# [TASK BRIEF]
Ignoring pictures, transcribe exactly the lines between the one containing "Stuani celebra un" and the end of the material, both included.

--

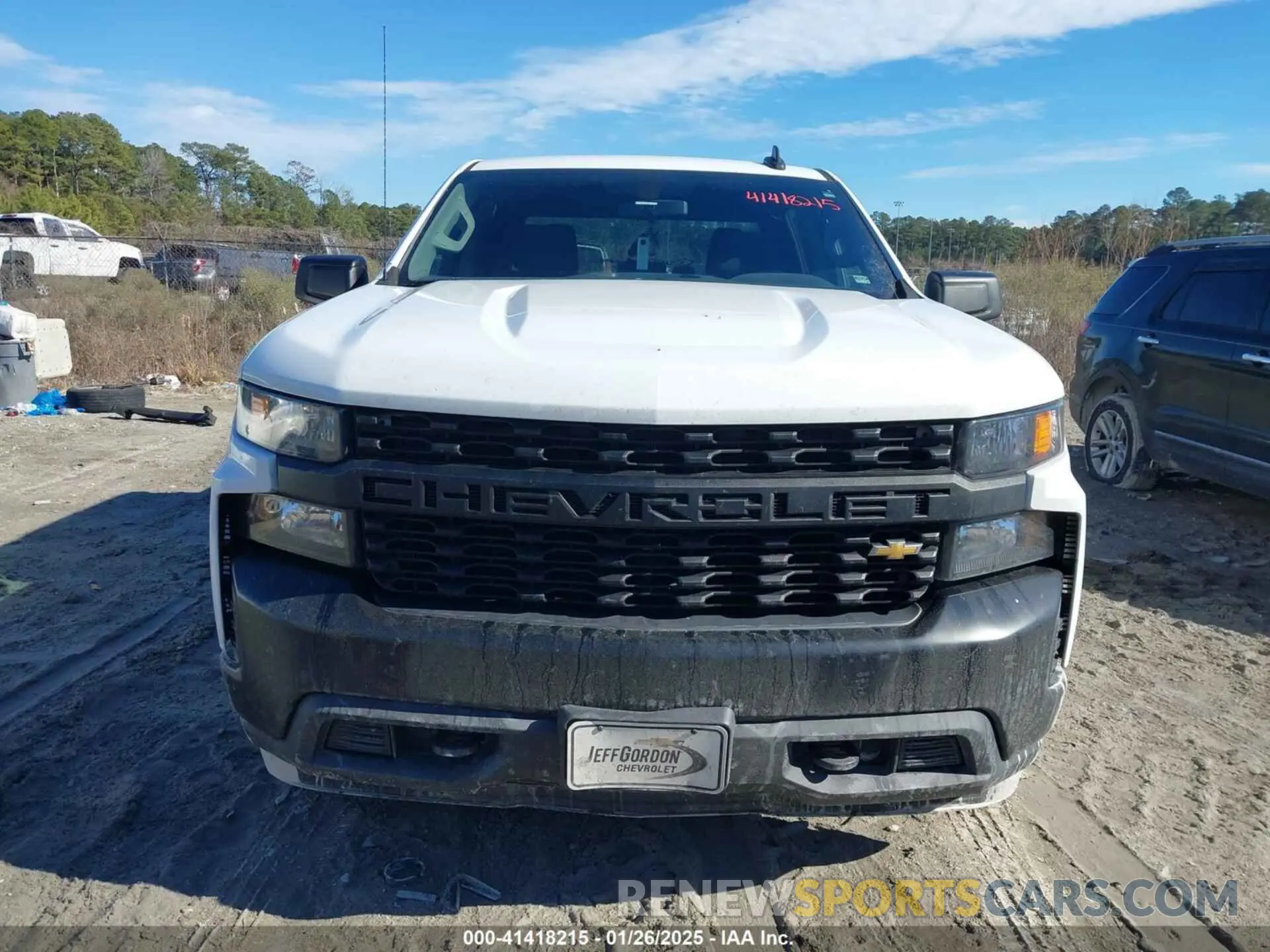 6 fotografías del automóvil dañado 3GCPYAEH4KG157833 CHEVROLET SILVERADO 1500 2019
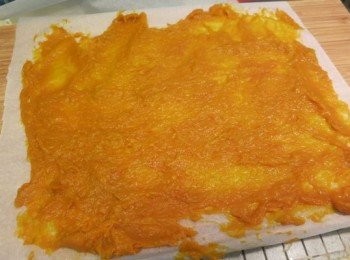 step2: - 鋪好焗爐紙，把肉放在焗爐紙上堆開成薄薄一層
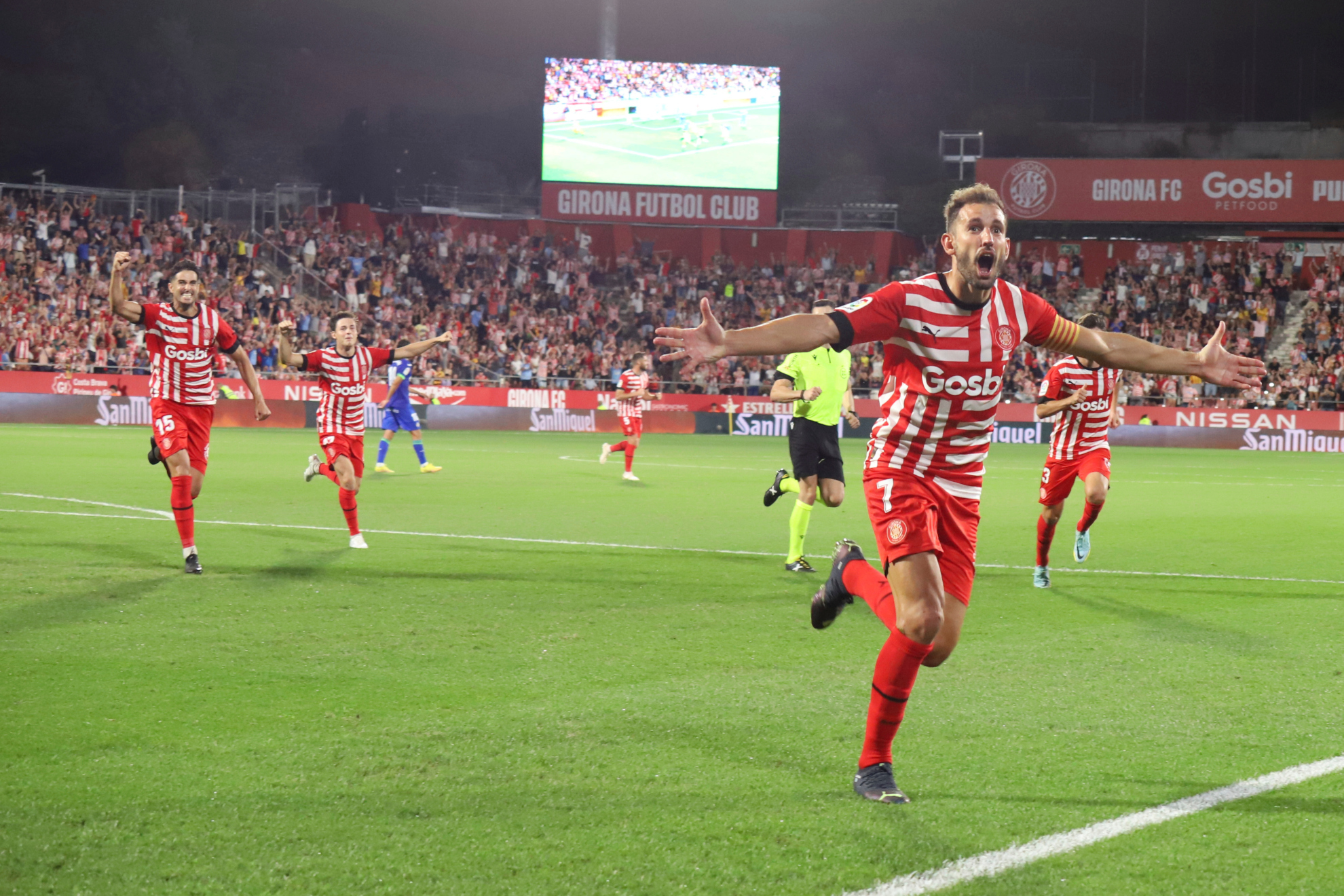 Stuani celebra un gol con el Girona esta temporada. MARTÍ ARTALEJO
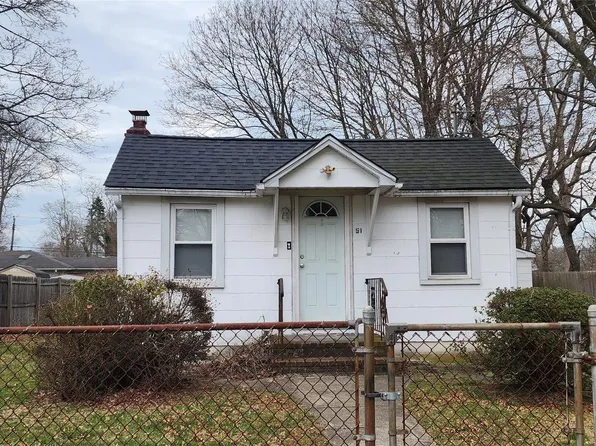 51 Hackensack Road, Mastic Beach, NY 11951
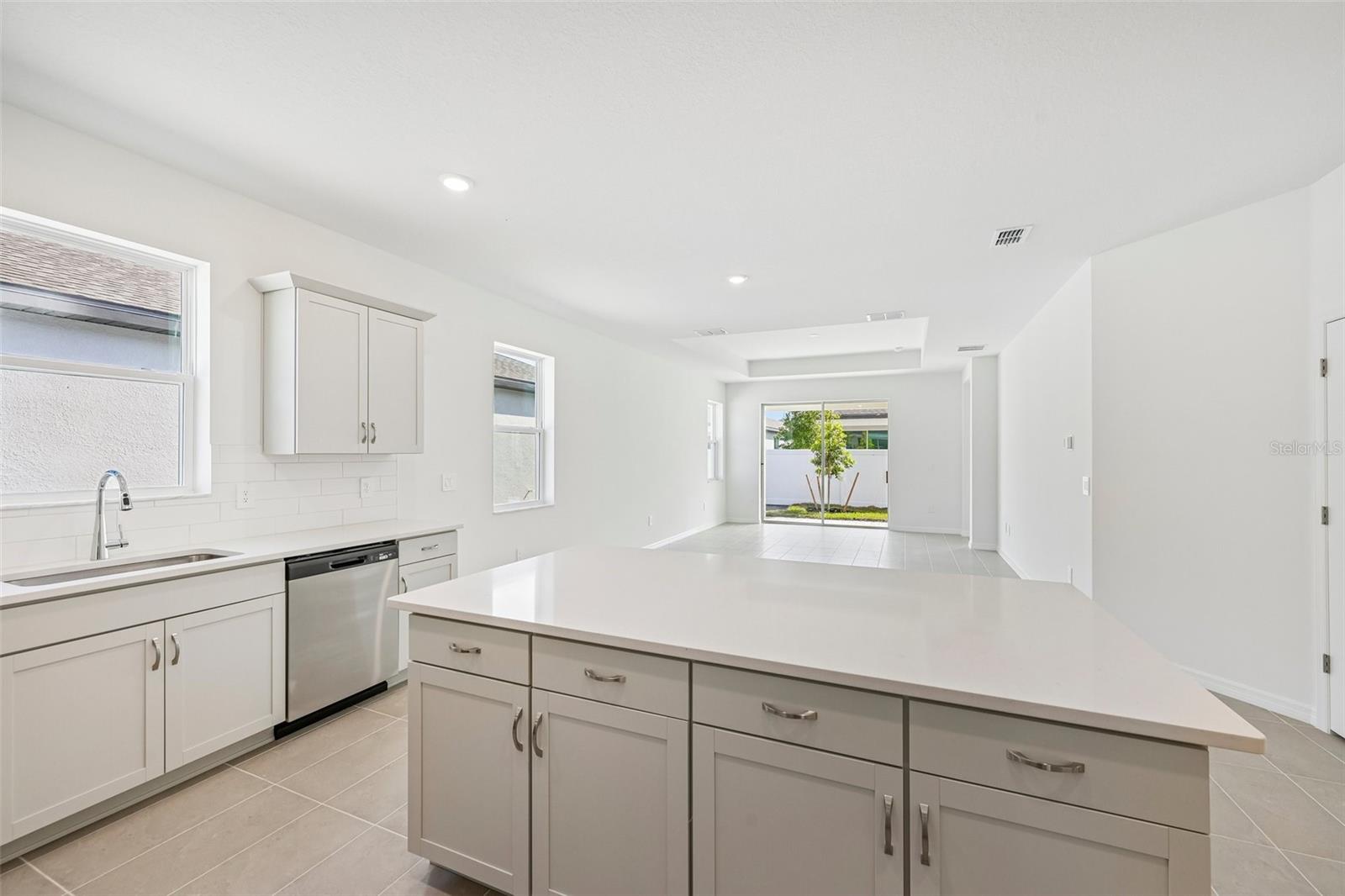 9026 LEEWARD DR — photo 6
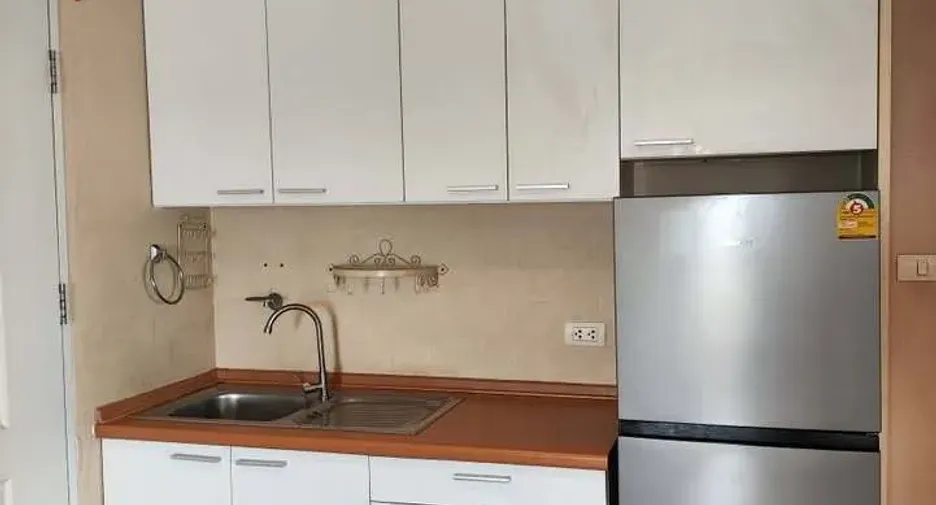 For rent 2 bedrooms condo in Bang Kapi, Bangkok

--

# [FINAL ANSWER]
 Stuani celebra un gol con el Girona esta temporada. MARTÍ ARTALEJO
 51 Hackensack Road, Mastic Beach, NY 11951
 9026 LEEWARD DR — photo 6
 For rent 2 bedrooms condo in Bang Kapi, Bangkok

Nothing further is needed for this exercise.